Reilingens Hauptamtsleiter Ingo Pelz: Diskussion über ChatGPT
Beim Stichwort Personalgewinnung führt in seinen Augen kein Weg mehr an der Digitalisierung vorbei. Dank künstlicher Intelligenz – aktuell wird über den Textroboter ChatGPT diskutiert, der verblüffend authentische Schreiben formuliert – könnten viele einfache Arbeiten entfallen, ließen sich Schreiben mit wenigen Stichworten erstellen oder viele Behördengänge online erledigen. Wer ein Gewerbe anmelden wolle, führt Pelz als Beispiel an, dem ist es am Ende, wenn er die Aufgabe erledigt hat, egal, ob ihn ein Mensch oder eine KI durchs Formulardickicht geführt hat.
Hinzu kommt, dass viele Menschen, insbesondere jüngere, keine Termine mehr auf dem Rathaus wollten, sie wollen rund um die Uhr online mit der Verwaltung kommunizieren. „An entsprechenden Plattformen, dies zu ermöglichen, wird gearbeitet“, stellt der Hauptamtsleiter fest. Zwar schwinge bei diesem Bereich noch einiges an Zukunftsmusik mit, doch sei es seine Aufgabe, die Themen zu erkennen, das Rathaus darauf vorzubereiten.
Was ihm in der Gemeinde wohl gelingen wird, in seinen ersten 100 Tagen hat er im Rathaus eine große Bereitschaft für Veränderungen gespürt. Die es zu moderieren gilt. Wie vor einigen Jahrzehnten einen PC ins Büro stellen, verbunden mit der Aufforderung „jetzt mach mal“, gehe heute nicht mehr, die Menschen wollten mitgenommen werden. Was im Umkehrschluss einiges an Besprechungen erfordere, zahlreiche Stellschrauben, die nachjustiert werden müssen.
Sieht man von der Zukunftsaufgabe Digitalisierung ab, so sieht Pelz die Verwaltung nach seinen ersten hundert Tagen in vielen Bereichen gut aufgestellt. Als Beispiele nennt er die im Bauhof geltenden Sicherheitsvorschriften oder die Unfallverhütungsvorschriften im Rathaus, die von der Verwaltung strikt befolgt würden – nicht in jeder Kommune eine Selbstverständlichkeit.

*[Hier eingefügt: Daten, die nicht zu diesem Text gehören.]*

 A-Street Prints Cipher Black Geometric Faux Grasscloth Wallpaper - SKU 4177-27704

Was dem Hauptamtsleiter gleichfalls positiv aufgefallen ist: Bürgeranfragen werden umgehend bearbeitet, die Verwaltung ist stets ansprechbar und vertritt sich gegenseitig – der direkte Draht ist jederzeit gewährleistet. Natürlich gebe es dennoch Stoßzeiten und Beschwerden, berichtet er aktuell aus dem Bürgerbüro, wo es vorkommt, dass donnerstags um 17 Uhr kein Termin zu bekommen ist. Für Pelz ein typisches Nachfrageproblem – dienstagvormittags würden kaum Termine nachgefragt. Die Verwaltung habe dennoch reagiert, arbeite im Bürgerbüro nun synchron – dennoch, den beliebten Termin am Donnerstagnachmittag könne man nur einmal vergeben. Wobei, mit dem Trend zu Online-Angeboten werden sich auch hier wohl Entspannung einstellen.

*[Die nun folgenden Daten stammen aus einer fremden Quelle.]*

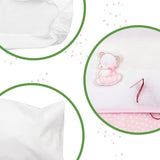 Hvidt og lyserødt sengetøj til barneseng, bestående af 1 dæklag, 1 toplagen med Aida-bånd til broderi og 1 pudebetræk, 100% bomuld, Made in Italy Dyner og dyner Naty Shop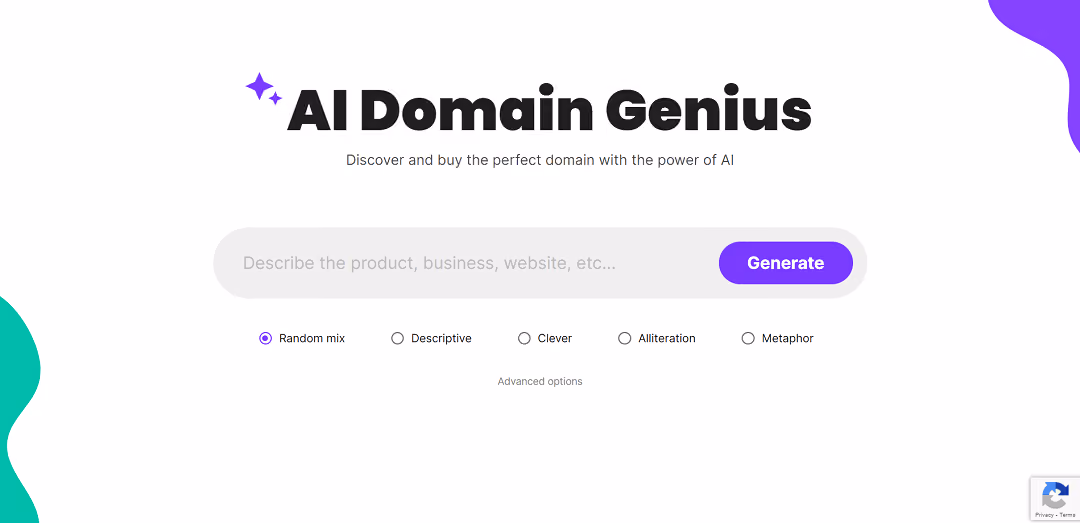 The AI Domain Genius tool is a user-friendly platform that helps individuals find and purchase the perfect domain name for their personal or business website.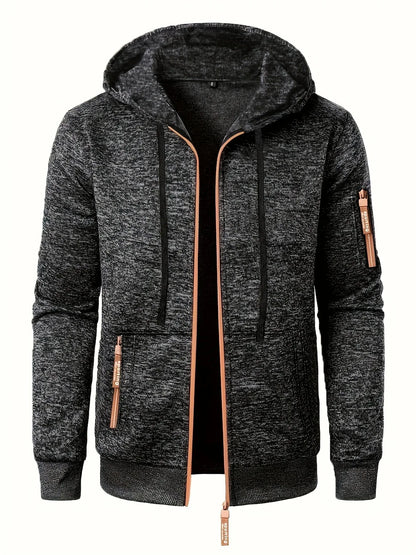 Men'S Hooded Zip-Up Sweater Jacket - Long Sleeve Thin Fleece-Lined Casual Outerwear with Front Pockets, Solid Black, Regular Fit for Fall & Winter, Autumn Winter Apparel | Hooded Sweater | Zippered Jacket, Knit, Men Hoodie Zi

Reilingens Hauptamtsleiter Ingo Pelz: Schnell eingewöhnt
Unterm Strich ist Ingo Pelz mit seinem Wechsel ins Reilinger Rathaus sehr zufrieden. Von Waghäusel kommend gab es für ihn keine Anpassungsprobleme, zumal er seinen schwäbischen Migrationshintergrund sprachlich nur leicht andeutet. In Reilingen schätzt er das kollegiale Miteinander und auch wenn er der Chef ist, legt er Wert auf niederschwellige Kontakte –- er ist ansprechbar und hat stets ein Ohr für die Mitarbeiter. Wie es der 37-jährige Diplom-Verwaltungswirt schon an seinen früheren Arbeitsstellen hielt.

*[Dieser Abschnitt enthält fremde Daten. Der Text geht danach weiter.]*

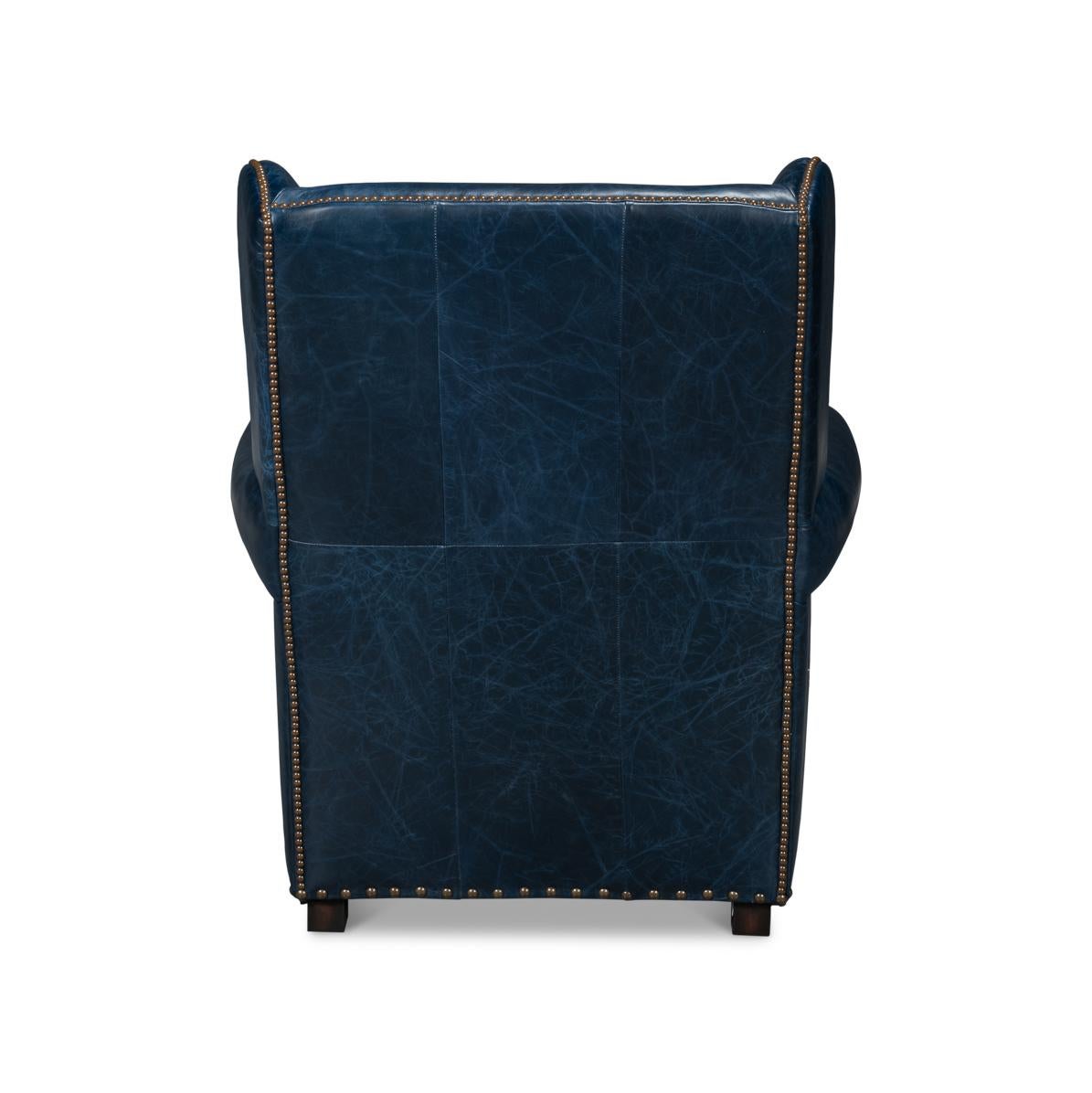 Asian Blue Classic Leather Armchair For Sale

Dies auch mit der Devise, dass diese sich an ihrem Arbeitsplatz wohlfühlen sollen – Stichwort Fachkräftemangel. Im Sinn hat er dabei neue Angebote wie einen Yoga-Kurs und Ähnliches. „Die Menschen sollen sich wohlfühlen“, ist seine Überzeugung. Was in der Gemeinde sehr gut klappe, schaue man auf das Engagement der Mitarbeiter fürs Gemeinwohl, beispielsweise beim Nachtumzug. Keine Selbstverständlichkeit, weiß Pelz. Selbstverständlich ist es für ihn hingegen, den Einsatz der Rathausmitarbeiter mit einem Helferessen zu goutieren.